The theme for the year is Forests and People. Forest communication activities include raising awareness, educating or simply integrating a consideration of forests into any environmental or developmental debate, thereby helping people make the sometimes unexpected connection between forests and life as we know it.
You don’t need to be a large organization or have a big budget to engage in outreach activities. Strategies are as varied as the audiences you target and the messages you want to communicate. Activities can range from massive publicity campaigns to a talk at a local elementary school or a poster in a storefront window.
Following are just a few ideas to get you thinking about appropriate outreach alternatives for your organization.
- Create networks
Give structure to your contact lists. Build a database of consultants you have worked with, organizations that have similar goals to yours, or journalists who have written about you, and put them all on regular mailing lists.
- Formalize relationships
Work with what you have already. Consolidate relations with people or organizations with which you have successfully collaborated by making your relationship more official. Begin an exchange program, collaborate on an annual event, identify an ongoing project that you can cooperate on.
- Forge new partnerships
Approach an organization with which you have never worked before and explore means of interacting. Discuss how you can help them reach their goals and how they can help you reach yours.

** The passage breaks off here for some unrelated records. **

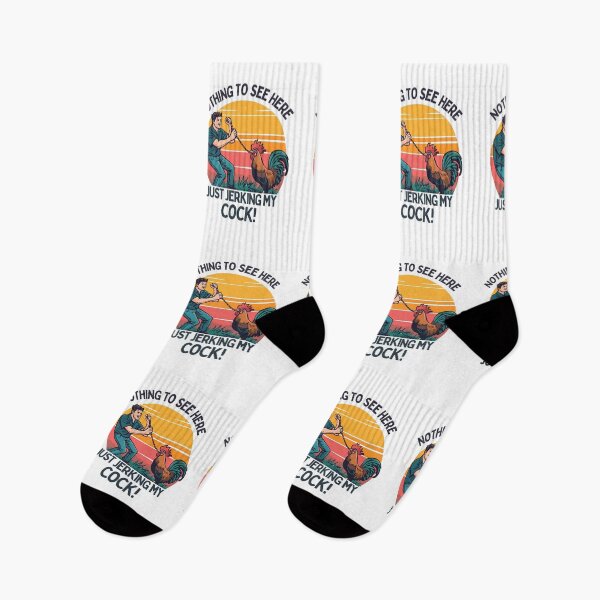 Item preview, Nothing to see here just jerking my cock! designed and sold by NicMacTees.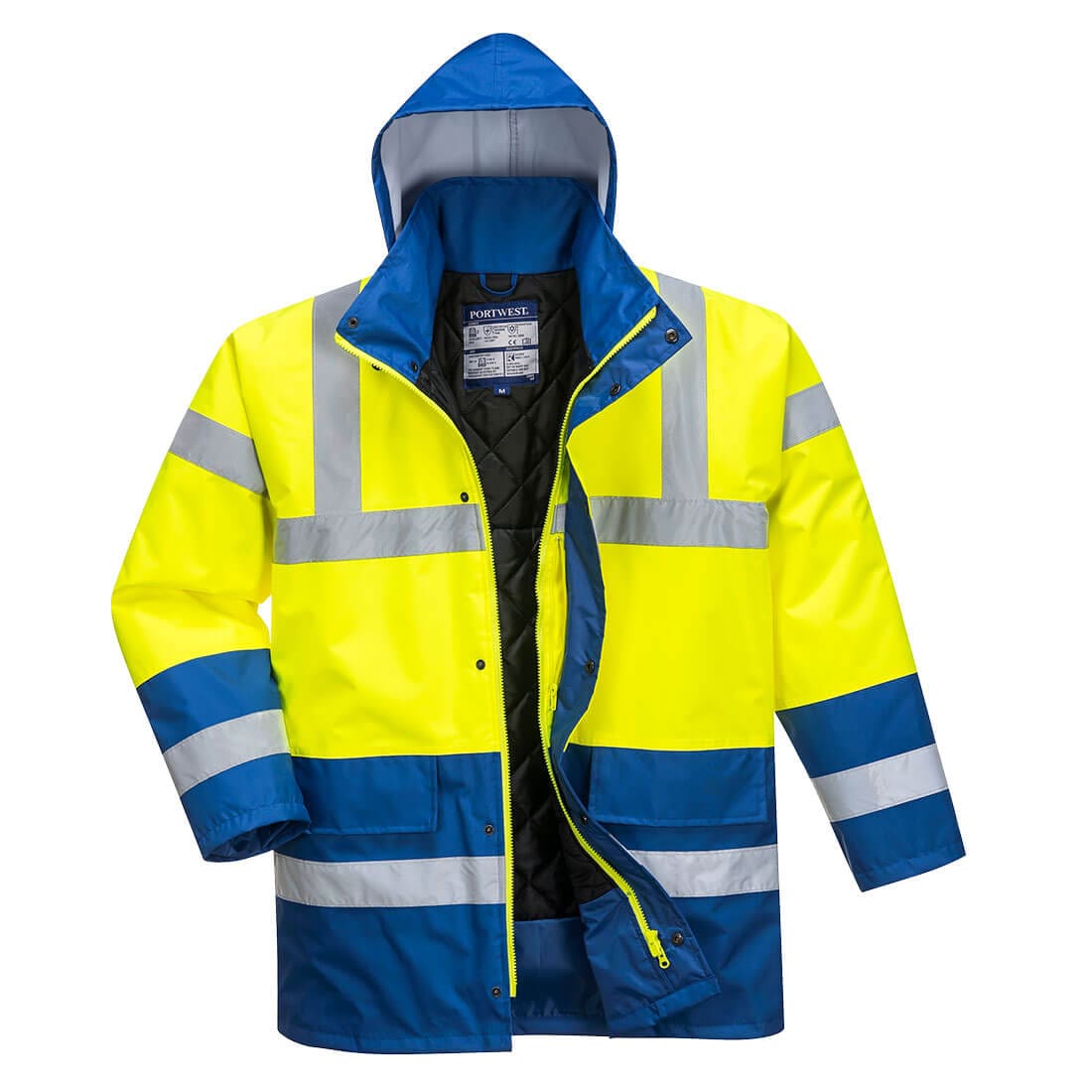 Portwest Hi Vis Contrast Traffic Jacket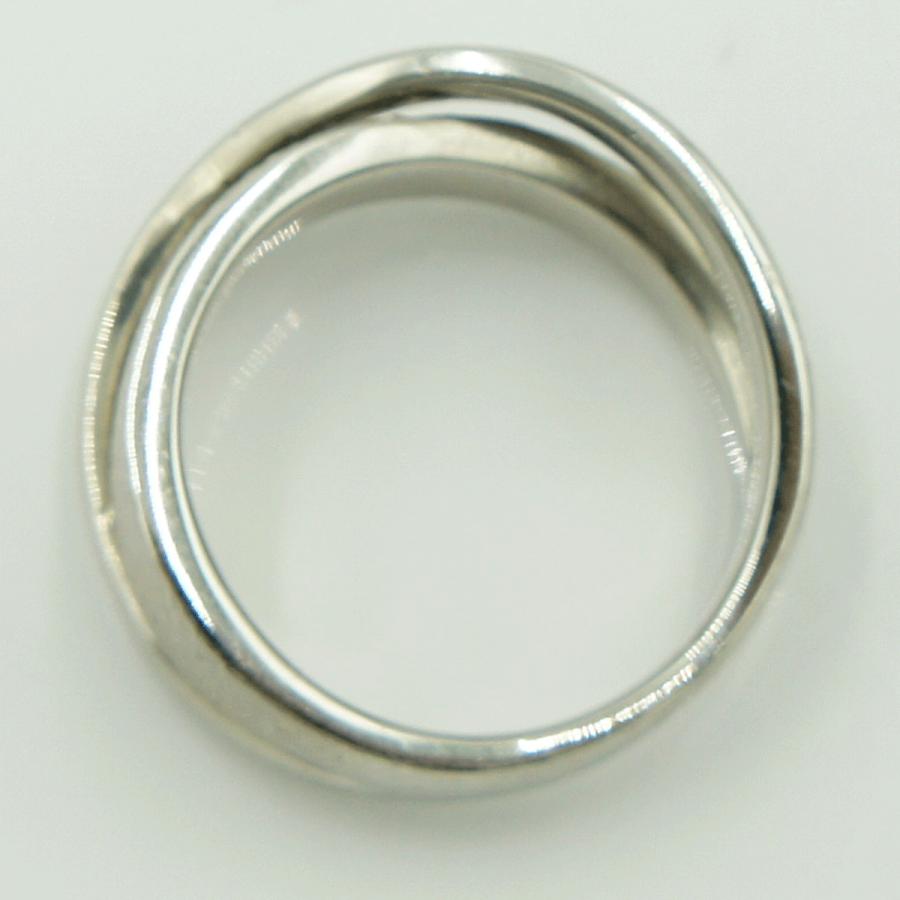 ラソマ(LASOMA) Pt900ファッションリング　リングサイズ11号　重量11.39ｇ　レディース（中古）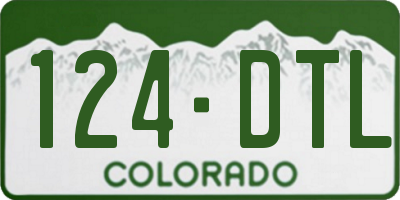 CO license plate 124DTL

- Publicise your organization’s mission
The mission and activities of even the most well known organizations are not always clear to the general public. Plan events that provide an opportunity to explain the work of your organization and how it contributes to healthier, better managed forests. Publish a newsletter that helps people understand what you do and why.
An important goal of Forests 2011 is to encourage those working outside forestry sectors to integrate a consideration of forests into their ongoing discussions.
- Policy makers
Forestry shouldn’t be discussed in isolation. The links between forests and other subjects must be underlined. Consider reaching out to policy workers in fields outside of forestry including environmental, developmental, sociological, cultural and economic fields.
Take a look at the curricula of the primary, secondary and tertiary schools around you. Do they incorporate the study of forests into their teaching? Offer to match your technical expertise with their experience in teaching to create a class or program covering forest issues.
Take the time to study your local media. How do they get their information? What formats do they prefer? How long is the typical article or video? Make it easy for media to pick up the information and messages you want to communicate. Don't wait for them to come to you. Pitch ideas to them when you have something to communicate.
Nothing stays with you like things you learn as a child. Even the briefest exposure to a subject can lead to a lifelong sense of connection. Think of where children go and what they like to do. These are good places to plan forest-related activities – a park, a zoo, a camp.
Since forests are, if not directly, at least indirectly related to nearly every human endeavor, it is not difficult to trace a line between most any business and forests. Businesses are interested in promoting a greener profile. Keep them updated on issues that concern them. Encourage them to integrate forests into their publicity or philanthropic work.
- Nature lovers
From sports enthusiasts to bird watchers, nature lovers rely heavily on the amenities offered by forests. Hiking or biking through the wilderness, studying flora or fauna, riding the rapids - any manufacturers or services who support these activities will have an interest in learning more about the roles forests play in our lives and are likely to help spread the word.